What to Do with System Data: Think Like a Vegan

What do you do with all of the HPC data you harvested as a lumberjack? You think like a Vegan.

Ellie Arroway: You found the primer.
S. R. Hadden: Clever girl! Lights. ... Pages and pages of data. Over 63 thousand in all, and on the perimeter of each ...
Ellie Arroway:... alignment symbols, registration marks, but they don’t line up.
S. R. Hadden: They do, if you think like a Vegan. An alien intelligence is going to be more advanced. That means efficiency functioning on multiple levels and in multiple dimensions.
Ellie Arroway: Yes! Of course. Where is the primer?
S. R. Hadden: You'll see. Every three-dimensional page contains a piece of the primer; there it was all the time, staring you in the face. Buried within the message itself, is the key ...

- Contact (1997)

It's not enough to be a lumberjack

Based on the last article, everyone should either be a lumberjack or planning to be one. You should have developed a logging plan and have lots of data for your cluster. Now, we need to become Vegans too (yes, Vegan Lumberjacks).

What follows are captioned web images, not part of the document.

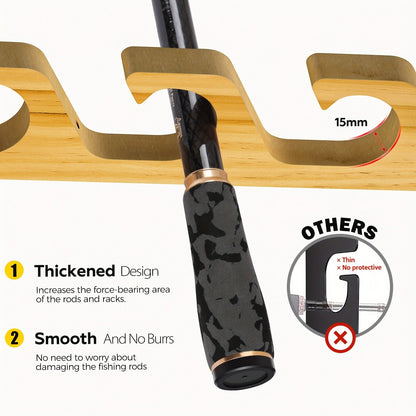 Wall-Mounted Wooden Fishing Rod Rack – 5-Hole Horizontal Rod Holder for Garage, Ceiling & Wall | Solid Wood Fishing Pole Storage Bracket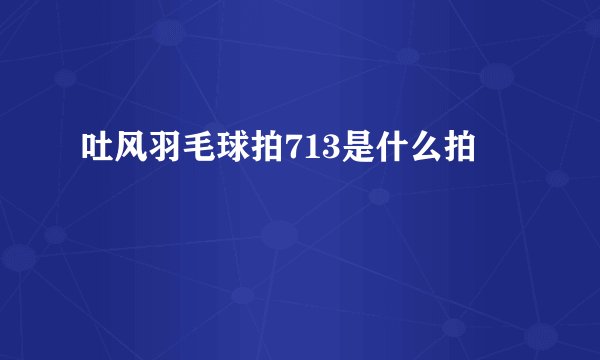 吐风羽毛球拍713是什么拍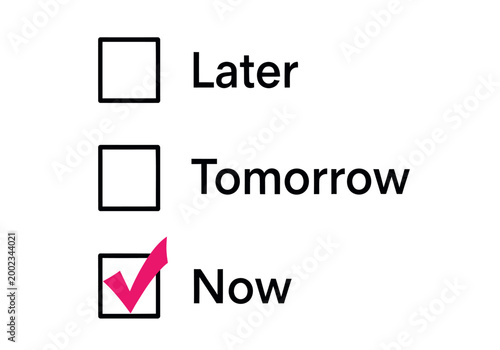 Prioritization list now tomorrow later task management and decision making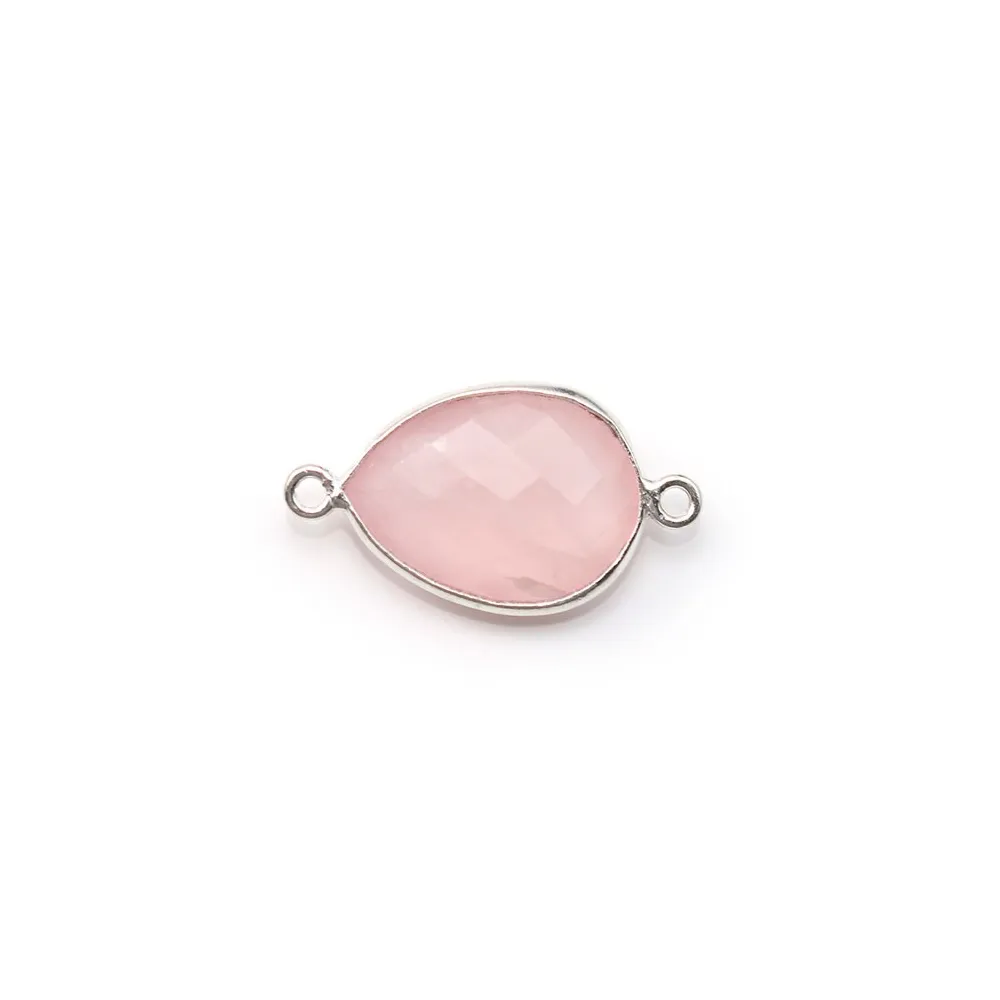 Quartz rose goutte facette sertie sur argent 2 anneaux 11x15mm x 1pc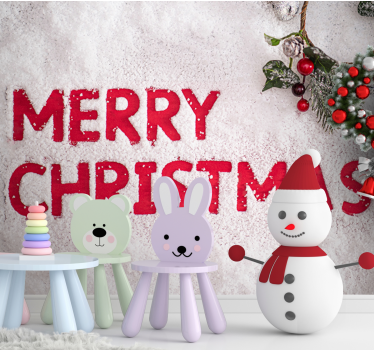 Tapisserie noel salutations festives enneigées - TenStickers
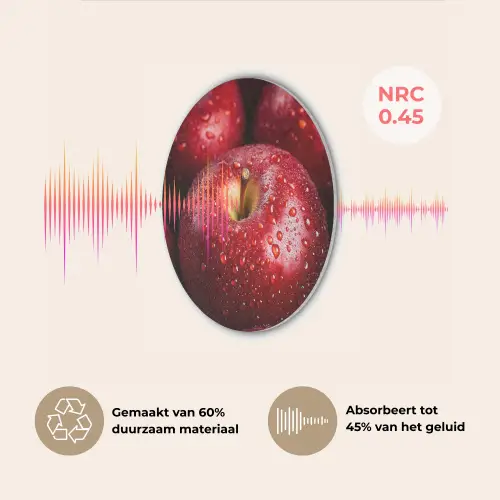 Rood - Appels - Fruit Akoestische PET Vilt - Rond klein -USP_NL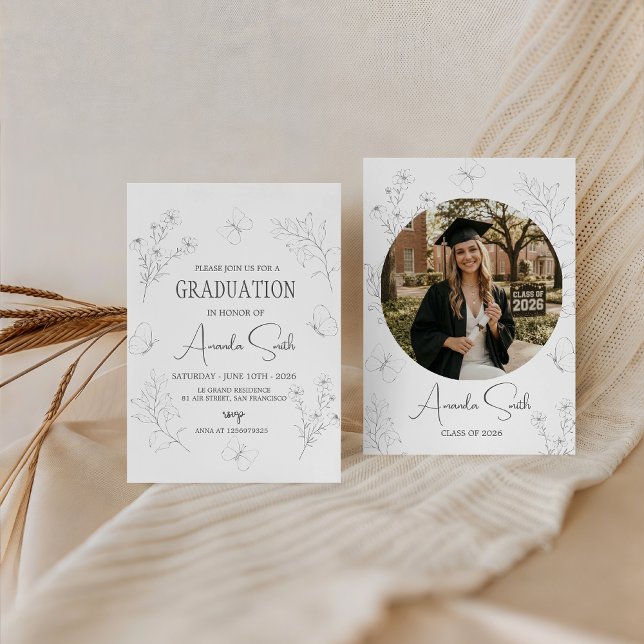 Invitación Minimalist Butterfly Floral Graduation Invite (Subido por el creador)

Vegan sysadmins think differently than ordinary sysadmins. They look at system administration on "multiple levels and in multiple dimensions." Multiple levels means they think from a user's point of view, an operation point of view, and a management or funding point of view (without bucks, there is no Buck Rogers). Multiple dimensions means thinking of the system from a CPU perspective, memory perspective, network perspective, storage perspective, and perhaps most importantly of all, from an application perspective. Multiple levels and multiple dimensions go well beyond the classic definition of system administration, meaning we need to think like vegans. But if we do, we can achieve so much more than just break-fix or installing a new version of an application.

You're a crack lumberjack and you have all sorts of data (metrics) of the nodes in the cluster; now what do you do? Simply, but vaguely, put, you want to be able to parse the logs and search for data to create information. Sounds simple but it's not, and it is probably the most important thing you will do as a sysadmin. The very first thing you want to do is, think like a user (use your vegan powers).

The systems exist to run user jobs. Without them, the systems are pointless. Now we, the sysadmins, need to think like a user (think like a vegan). Thinking like a user will make the system better and will provide you with information that describes the state of the system.Some of the key things for users are:

  • The job executes to completion
  • The job executes in an expected amount of time
  • If repeated, the job produces the same answers in about the same amount of time
  • When a job is run, a summary of the resources used is given to the user
  • Applications or updates are quickly installed and made available including security updates
  • Tools for the creation, testing, profiling, and deployment of applications are made available and are up to date
  • There is enough space for retaining data

So we're thinking like a vegan in what we want, but to get there we need to think like sysadmins (thinking on multiple levels). This means that whatever tools or policies we create and implement, they should be done from the perspective of the administrator. Clearly, one thing that would fall into this category is not to make tools or policies for a single user (unless that user dominates the system). By doing this you end up with a Hodge-podge of tools and policies that are difficult to track, update, and use.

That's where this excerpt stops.